Lack of software. Or at least lack of high-quality software for getting real work done. I had an Android tablet for a while. It was nicely portable, had good battery life, could do a lot of things well, but I just couldn't find any apps I liked for two things I do often: ssh and creating presentations. One ssh app could do tunnels, but got all confused if I tried to open multiple terminal sessions. Another handled multiple sessions OK, but couldn't do tunnels. Then the two would interfere with one another if I tried to run both simultaneously. For presentations, many couldn't do something as basic as keep track of where my cursor was, and would add text at the wrong place. Others at least worked, but couldn't do anything more complex than a bullet list. A real email app would have been nice, but I had to use both home and work webmail (which are very different) instead. From what I can tell, all of this has only gotten a tiny bit better in the last couple of years. It would be great if there were more Android developers coming from the desktop space instead of the phone space, producing more desktop-like apps, but that doesn't seem to be the case. As long as that continues to be the case, using Android on one's primary machine will continue to be frustrating.

ChromeOS, on the other hand, seems to be in better shape. I'm seriously debating with myself about whether to get a regular Pixel (not Pixel C) as my next main computer.


ChromeOS needs a good general mail client as well, there's been some work in this space, but from what I've seen it's still not there yet. I actually like GMail for general email... though account switching with more than 2-3 accounts is a pain.


Yes, obviously it's a chicken and egg problem. Once they sell 100,000,000 "desktop" devices that'll change.
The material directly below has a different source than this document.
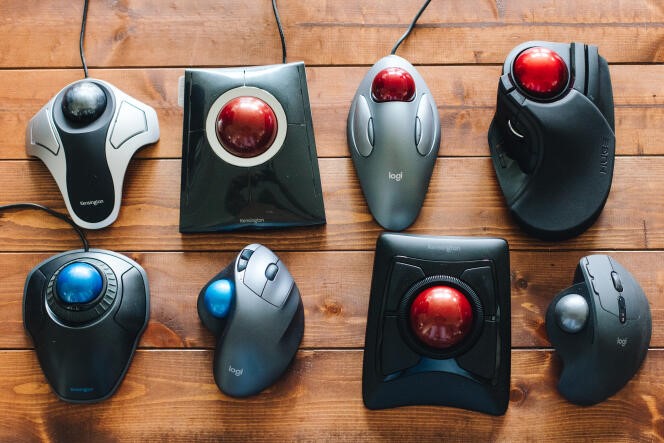 Différentes souris ergonomiques sur un bureau en bois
The reason Microsoft Windows destroyed everyone else was because you couldn't get quality software for most other computers. Windows Phone can't gain traction because it lacks quality software, for example. The problem is that software rarely comes first.
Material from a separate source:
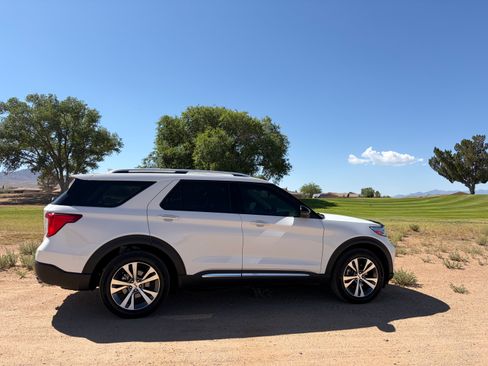 Used 2020 Ford Explorer Platinum w/ Premium Technology Package AWD/4WD image 2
In short, if enough people overlook Android's shortcomings, it'll eventually reach a tipping point.


Can't speak for GP, but it's an embarassment that in 2015, Android still doesn't have built-in multi-window support. For crying out loud, even Apple beat Google to this, and they're typically behind when it comes to these things.


If it's like other Google Android devices, you're free to install a custom bootloader and other (Linux) OSes. None seem to have as good touch UI support as Android or perhaps Ubuntu Touch, though.


Not surprising. They rolled ChromeOS into the Android group.